And no child should go hungry and there should be world peace. In the real world of tight margins and a lack of skilled labour that's just not possible.


----------



## Bow tie (9 Aug 2022)

_OkGo_ said:


> I don't think parental leave solves the problem. It can help manage the first year as you have suggested but after that once your child enters childcare, you can't just take them out without the risk of losing your spot. You would be in a far worse situation if you lost your spot for the sake of those 6 months
> 
> Lots of people think that they will take child #1 out while they are on maternity leave for child #2 and save the cost of childcare. But what they often realize too late is that there is no guarantee that a spot for either child will be available when both require it


Correct, and I forgot the whole 'spot' problem. Do you still have to pay a retainer to keep the place or how does it work now?

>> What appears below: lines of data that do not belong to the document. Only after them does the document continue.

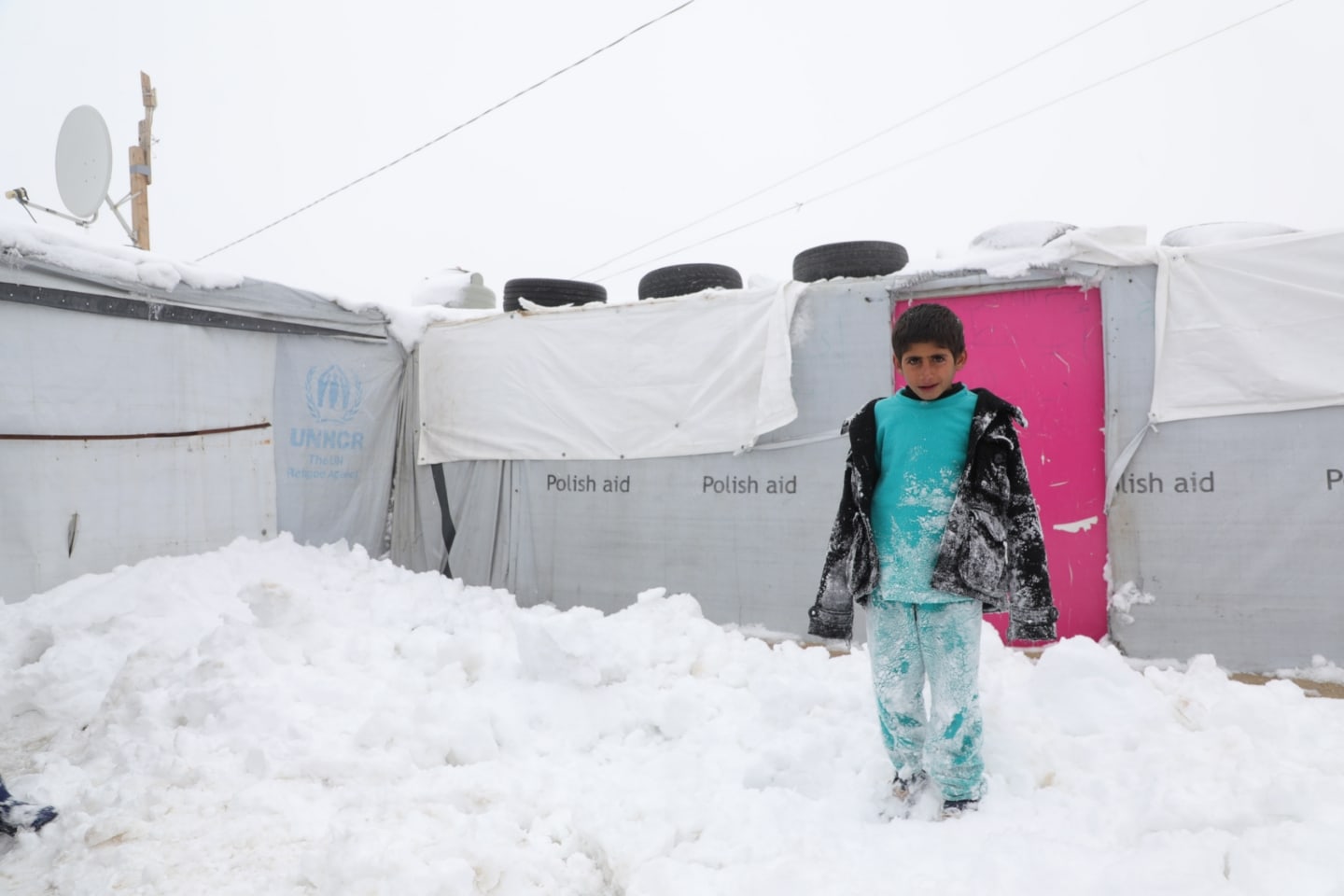 Sometimes, orphan children do not have properly fitting shoes, clothing, or coats. Zakat Foundation of America makes sure orphans and refugee children have protection from winter snow. / غالبًا ما يفتقر الأطفال الأيتام إلى أحذية، ملابس، أو معاطف مناسبة. تعمل مؤسسة الزكاة على ضمان حماية الأيتام والأطفال اللاجئين من ثلوج الشتاء القاسية.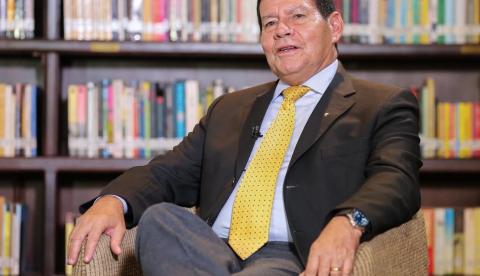 Vice-presidente general Mourão recebe Título de Cidadão do Amazonas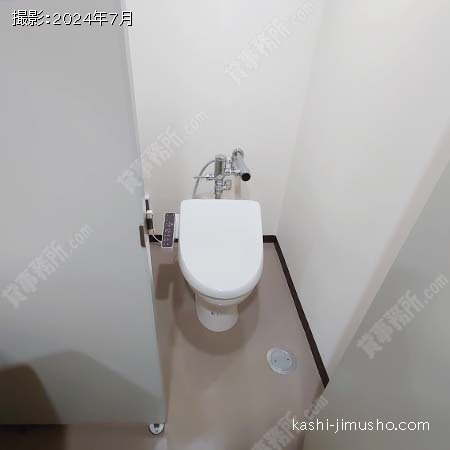 男性トイレ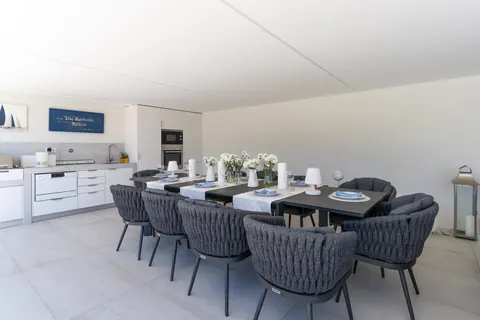 Luxury Villa Heated swimming pool, 5 bedrooms in Fonte Coberta - Lameiro real estate for sale For Super Rich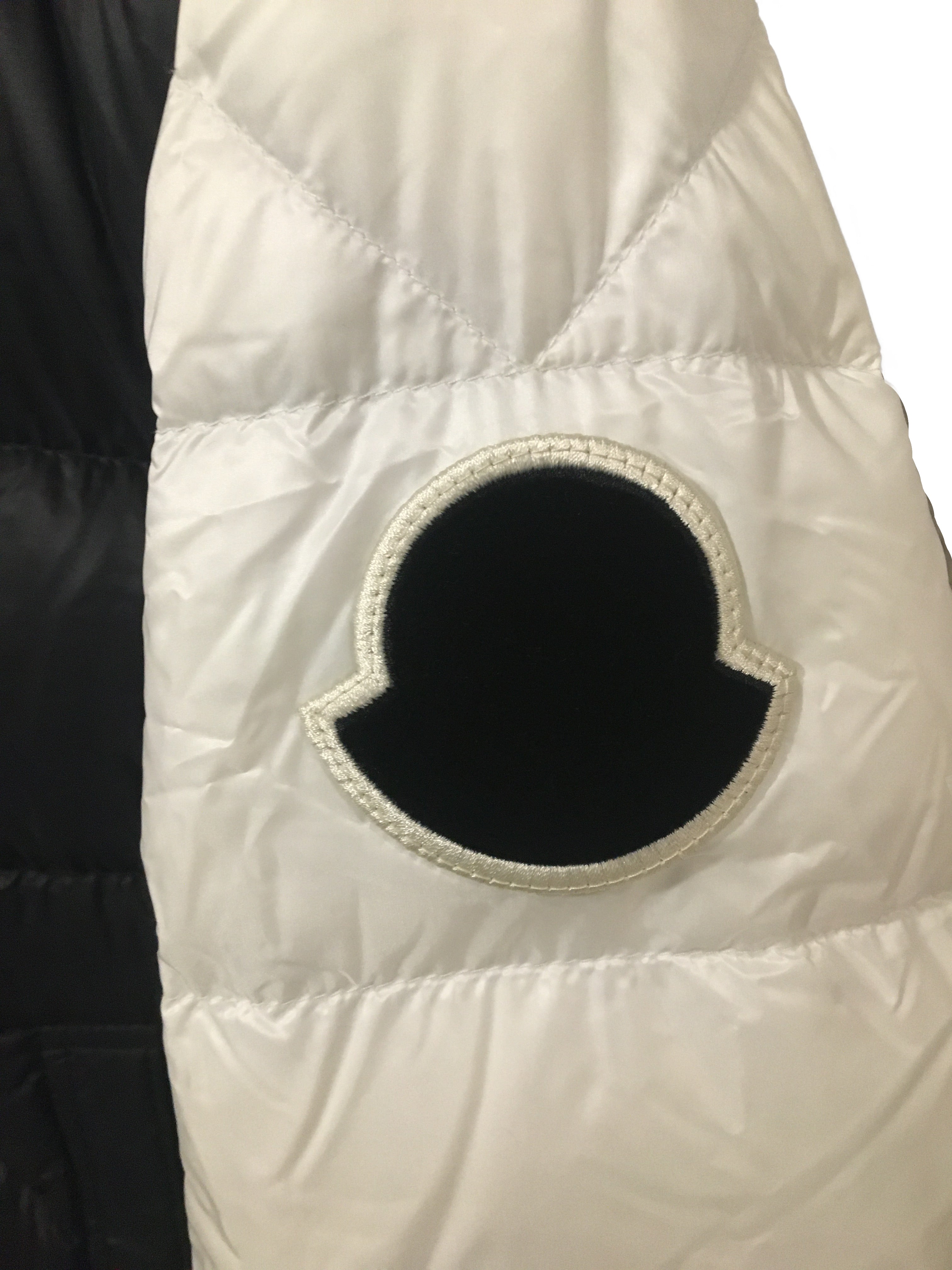 モンクレール バーフォーテン ダウンジャケット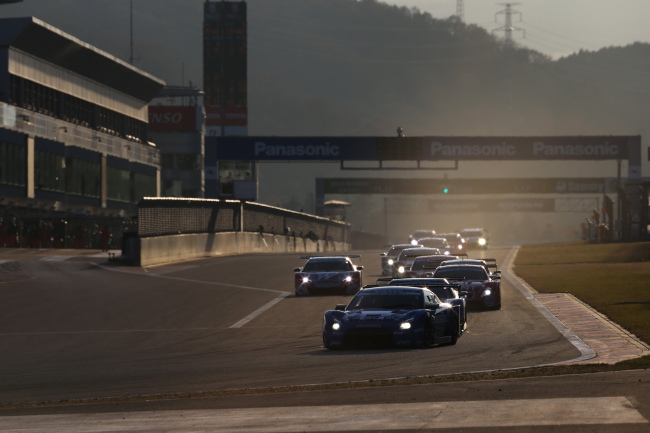 スーパーGT500クラス第2レース決勝: ジョアオ・パオロ・デ・オリベイラを先頭とした3位争い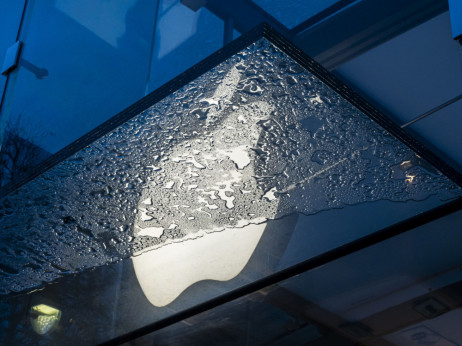 Apple izgubio 113 milijardi dolara nakon regulatornih istraga i mogućih kazni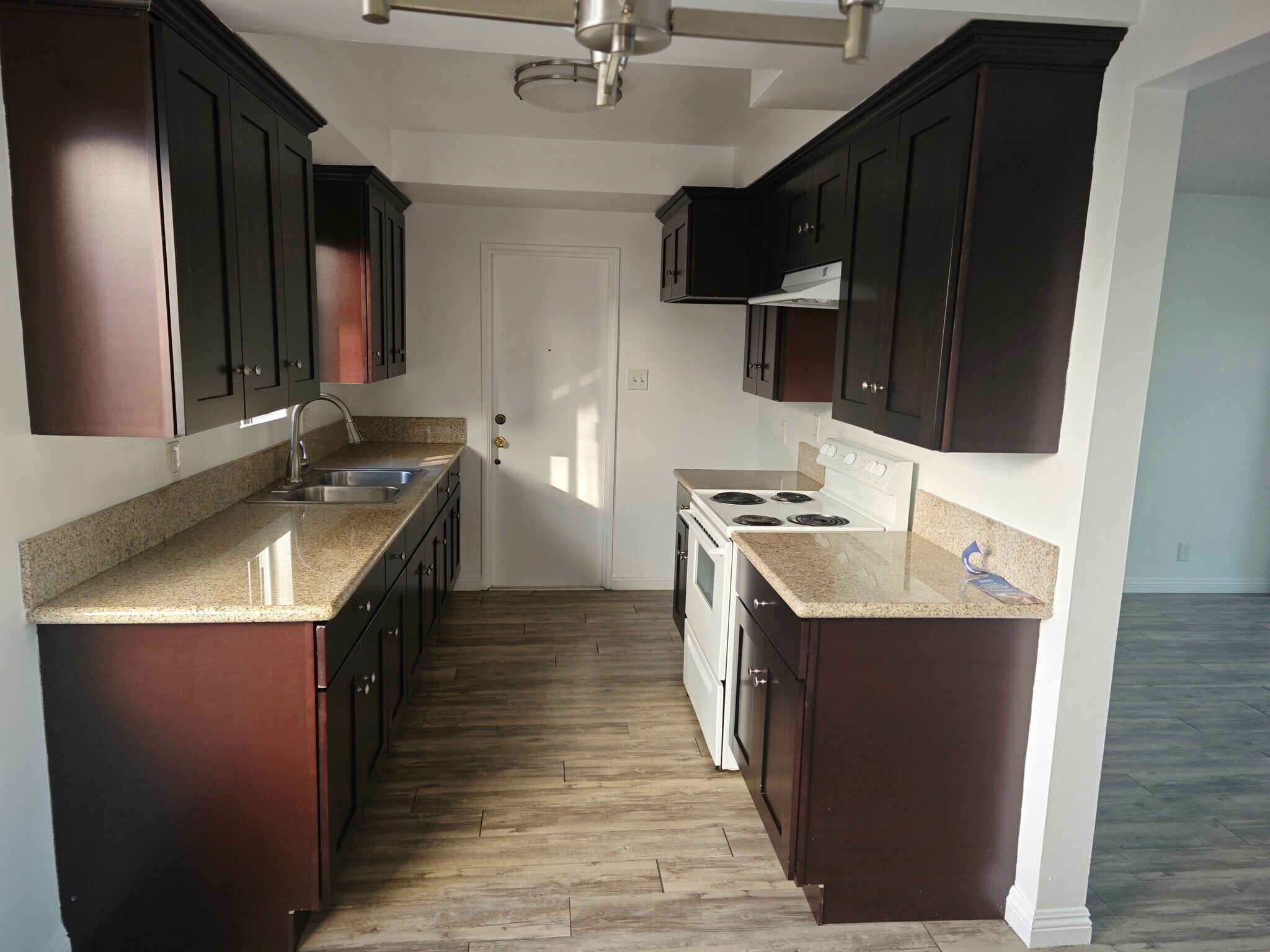 Building Photo - 444 W Regent St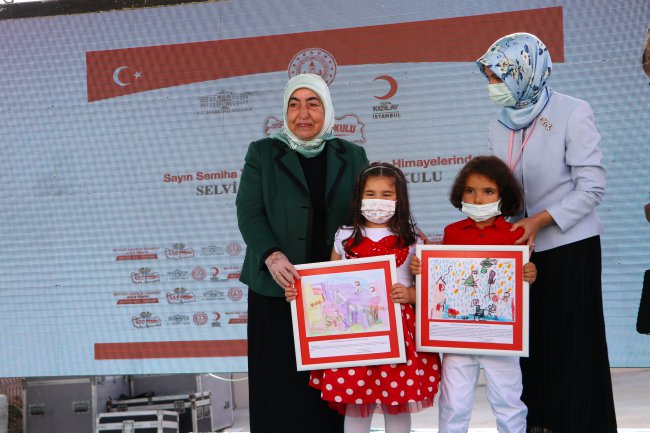 Binali Yıldırım'ın Eşi Semiha Yıldırım Tekirdağ'da Anaokulu Açılışı Yaptı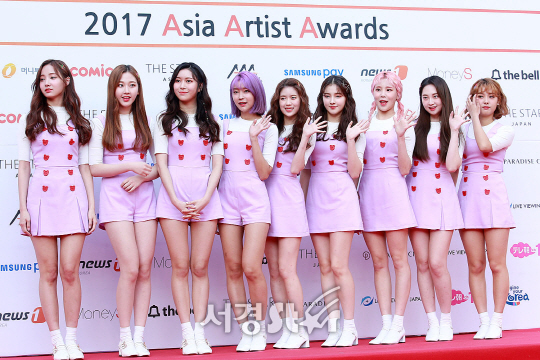 가수 모모랜드가 15일 오후 서울 송파구 잠실실내체육관에서 열린 ‘2017 Asia Artist Awards’(2017 아시아 아티스트 어워즈, 이하 ‘AAA’) 행사에 참석했다.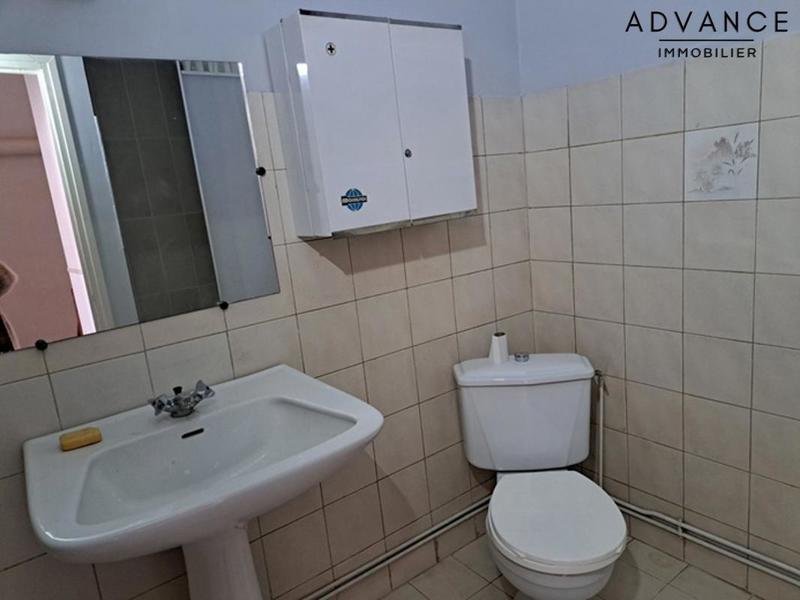 Immeuble - 220 m² - 10 pièces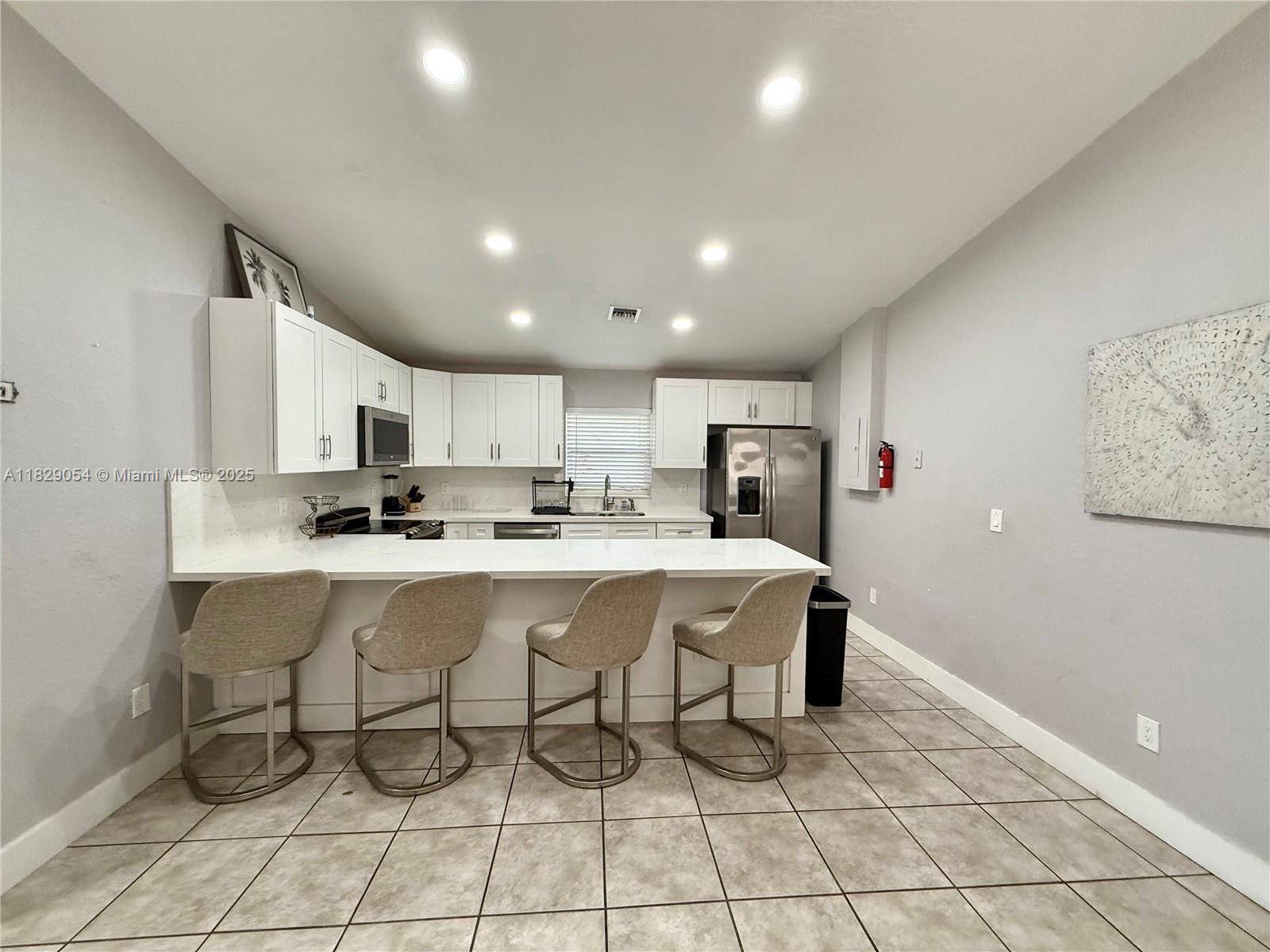 Hollywood, FL 33020,1840 Jefferson St #B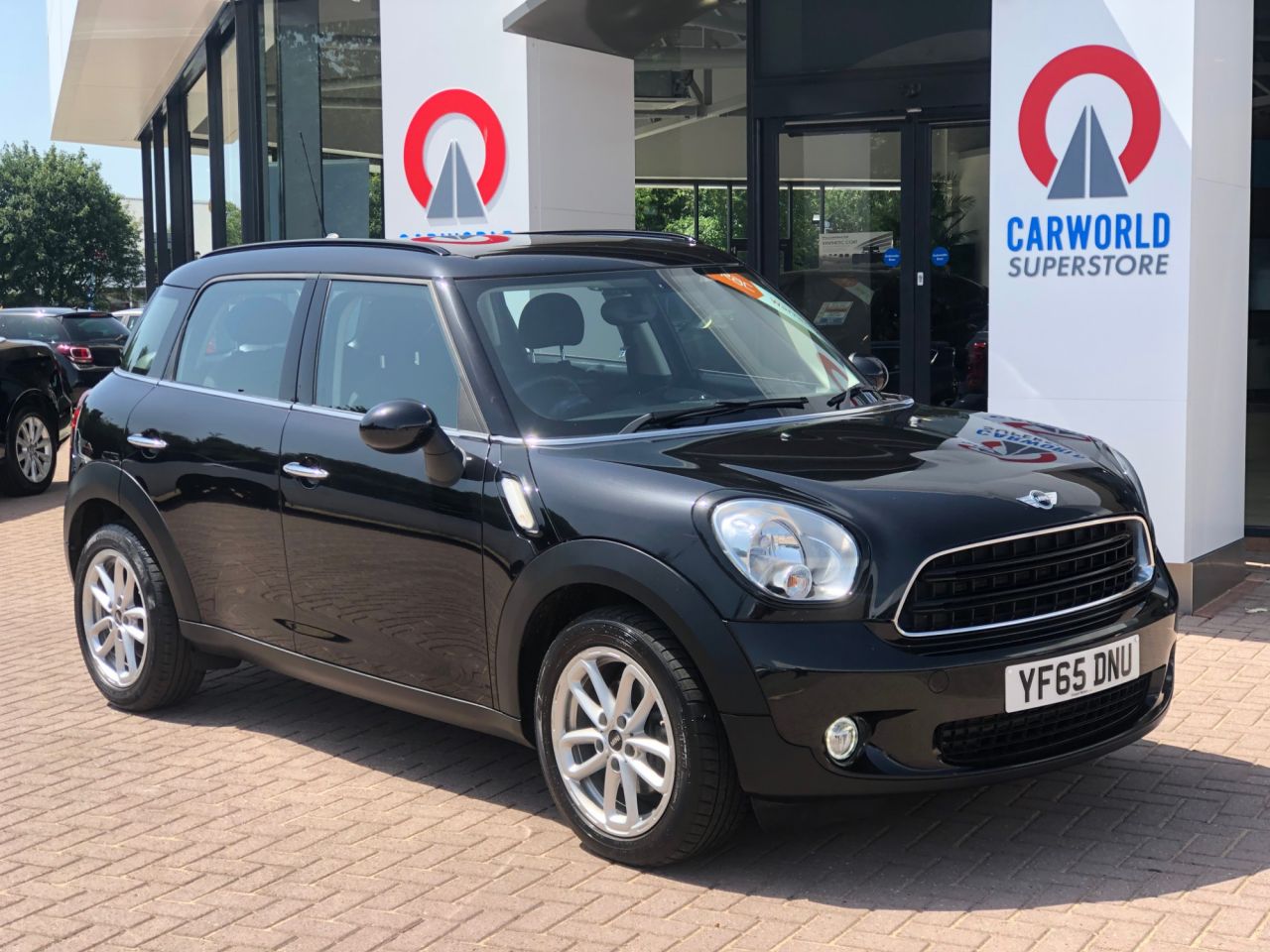 View our MINI COUNTRYMAN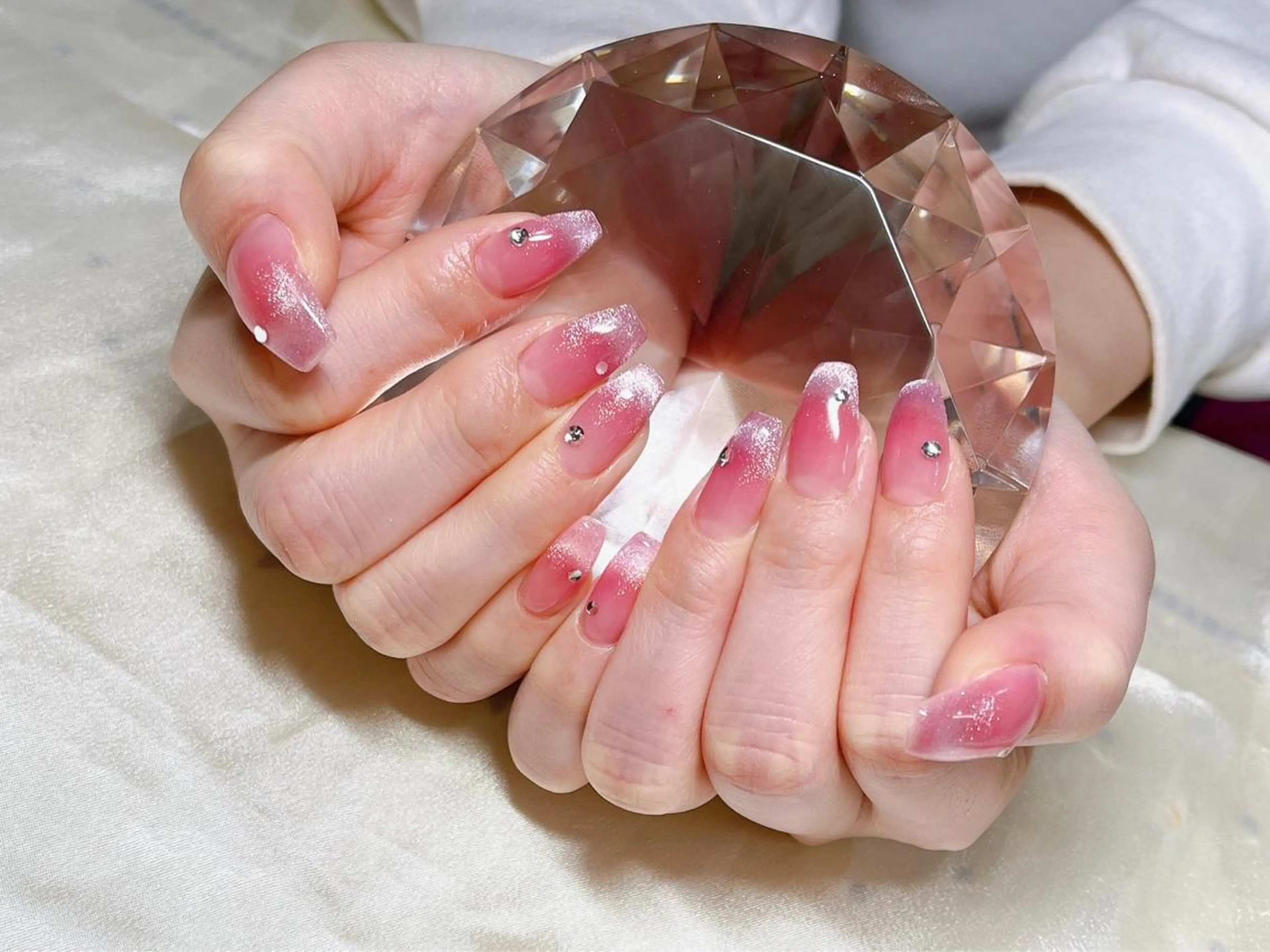 ネイル マツエク・マツパ アイブロウ 韓国風マツエク パリジェンヌラッシュリフト まつげパーマ ワンホンマツエク チークネイル ハンドネイル Nail&eye Belire 新宿のネイルデザイン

Gives even more reason for a public, school aligned system.


----------



## Bow tie (9 Aug 2022)

Purple said:


> And no child should go hungry and there should be world peace. In the real world of tight margins and a lack of skilled labour that's just not possible.


Stop trying to play the poster.


----------



## Purple (9 Aug 2022)

Bow tie said:


> OK; if you are completely indispensible do you have any plans for risk mitigation in any of the other circumstances mentioned.


In a small business plenty of people are indispensable over a period of 3-6 months. Especially if they are part of the team building the business. If a key person is hit by the proverbial bus the business runs an increased risk of failing.


----------



## Purple (9 Aug 2022)

Bow tie said:


> Stop trying to play the poster.


Eh?


----------



## T McGibney (9 Aug 2022)

Bow tie said:


> OK; if you are completely indispensible do you have any plans for risk mitigation in any of the other circumstances mentioned.


Is that question directed at me personally? If so, why? My days of raising small children are long over.


----------



## Bow tie (9 Aug 2022)

T McGibney said:


> Is that question directed at me personally? If so, why? My days of raising small children are long over.


It was, but OK if not relevant to you now.


----------



## T McGibney (9 Aug 2022)

Bow tie said:


> It was, but OK if not relevant to you now.


You have no business posing such questions to me on a public forum like this, especially as you are anonymous and I am not, and as I had neither indicated nor confirmed that I had a vested interest in the subject being discussed.


----------



## Bow tie (9 Aug 2022)

T McGibney said:


> You have no business posing such questions to me on a public forum like this, especially as you are anonymous and I am not, and as I had neither indicated nor confirmed that I had a vested interest in the subject being discussed.


Sincere apologies there was absolutely no intention to offend and the question was meant in general terms.
Once again, apologies.


----------



## NoRegretsCoyote (9 Aug 2022)

It's quite simple.

You just need big state subsidies for childcare. A little means tested, but not too much. Say everyone pays between 30% and 50% of childcare costs out of pocket depending on income.

The state spends money on much worse!


----------



## Purple (10 Aug 2022)

NoRegretsCoyote said:


> It's quite simple.
> 
> You just need big state subsidies for childcare. A little means tested, but not too much. Say everyone pays between 30% and 50% of childcare costs out of pocket depending on income.
> 
> The state spends money on much worse!


Making it tax deductible would give about the same result but without any additional State bureaucracy. We're falling over ourselves with State bodies and State funded Charities distributing money but distributing it net of their costs and those costs are huge. A better managed taxation system with refundable tax credits would be a far more efficient way of doing things.


----------